■ **RAW DATA**
:::
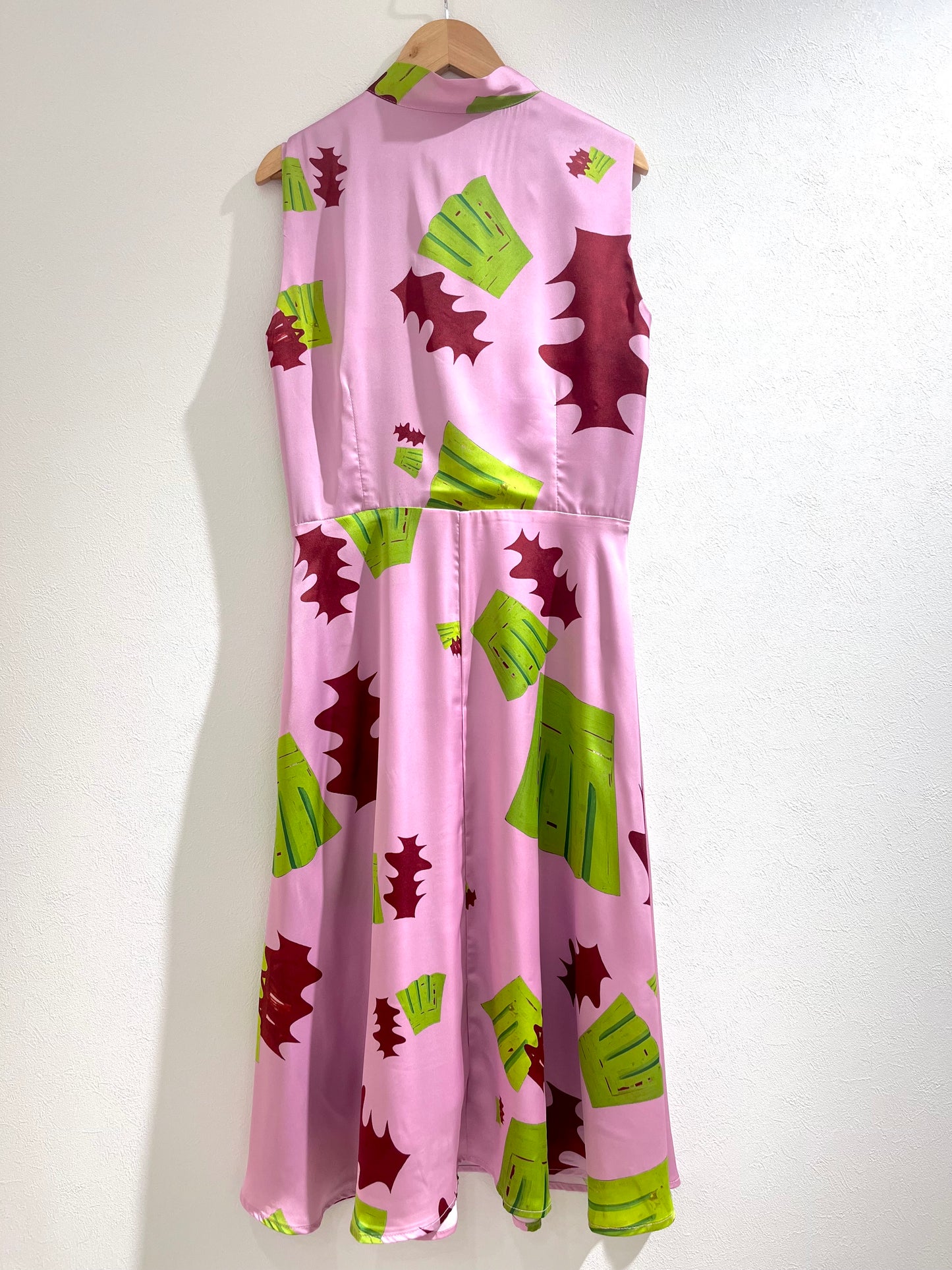 ボウタイノースリワンピース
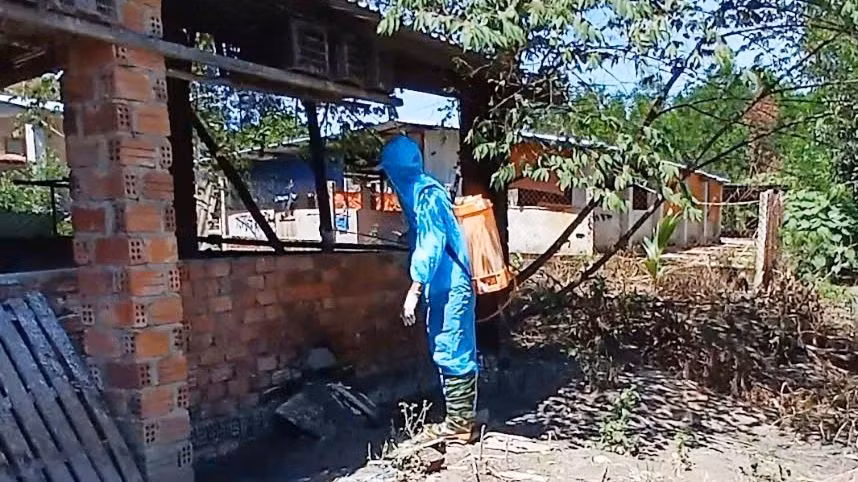 Huyện Hòa Vang, thành phố Đà Nẵng công bố dịch tả lợn châu Phi tại xã Hòa Ninh và Hòa Phong. Trong ảnh: Lực lượng chức năng xã Hòa Phong tiến hành phun thuốc khử trùng, tiêu độc khu vực chuồng trại nơi xảy ra dịch bệnh. (Ảnh do Ủy ban nhân dân xã Hòa Phong cung cấp)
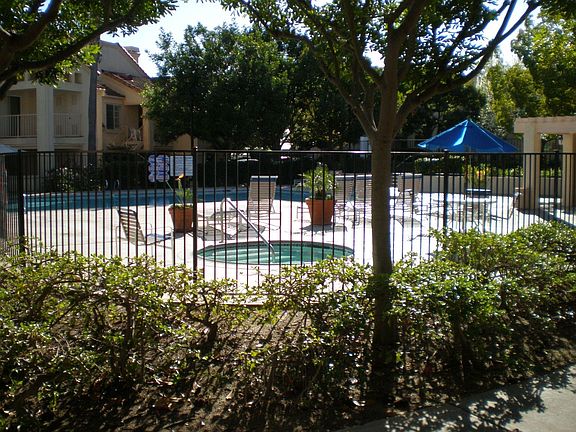 4th image of 7369 Calle Cristobal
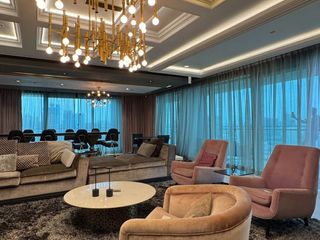 For rent 3 Beds condo in Pathum Wan, Bangkok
:::
■ **TASK BRIEF**
Here the requirement is to restate exactly the line holding "4th image of 7369 Calle Cristobal" and every later line through the end of the material, omitting pictures.

■ **ANSWER TO THIS TASK**
 4th image of 7369 Calle Cristobal
 For rent 3 Beds condo in Pathum Wan, Bangkok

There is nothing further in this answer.